Now, as an adult with a real desire to truly know God and understand the traditions of our faith, I am rethinking Lent. Why do we give something up anyway? Is there value in adding a faith practice to my life instead?
The 40 days of Lent are meant to be a time of preparation – the fast before the feast. It calls to mind the 40 days Jesus spent in the desert before beginning His public ministry. And so, small acts of self-denial, or “mortification,” are enacted to remind us of, and unite us to, Jesus’s suffering.
I reached out to a few faithful Catholic colleagues and friends to get their take on Lenten practices – beyond giving up wine or chocolate – they have found fruitful in their walk with God, and the interior changes that came about as a result. The thoughts they shared with me may encourage you to try something different this year.
What are you giving up for Lent?
One friend shared that she is giving up coffee, though not for the usual reason. As Caitlin told me, “I am giving up coffee, and using that time instead to pray and recognize my need for God rather than caffeine.” She added that this will help her more proactively form relationships with coworkers, as well. “Instead of going to make coffee at work and have small talk – so my main motivator in those situations is coffee – I want to switch the motivation, and instead get a glass of water, but still begin a conversation with someone.”
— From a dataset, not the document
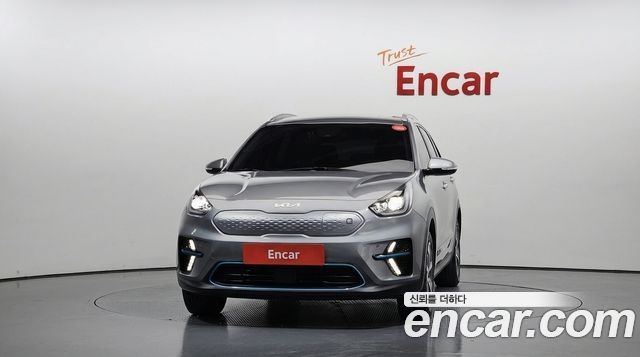 Kia Niro 2022 — photo 3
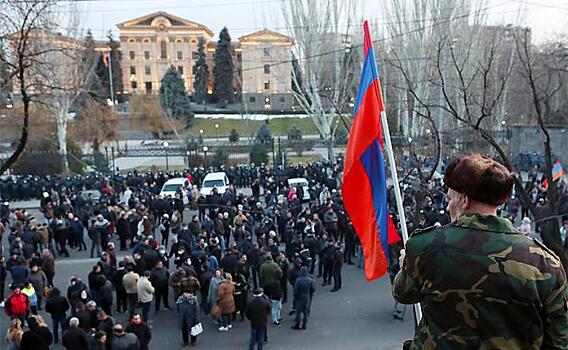 Армянский исход: Отъезд сотен тысяч человек превратит страну во вторую Абхазию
My friend Ruth is limiting where she spends her free time, being selective with social events and asking, “Will this bring greater glory to God?” That seems like a great question to ask about all our actions during Lent. Similarly, she will be on a spending fast, not purchasing anything new aside from the basics like groceries during these 40 days.
Ruth shared this story about a previous spiritually-motivated ‘spending’ fast: “I was reordering some skincare that had run out. I also really wanted to order a new product but then I remembered my commitment to nothing new and took it out of my cart. Before I could place the order, the consultant I buy through posted on Facebook that she would send that exact item to the first person to place an order that day. So, I ended up getting it for free! I was blown away by God’s generosity. It was a real lesson to me.”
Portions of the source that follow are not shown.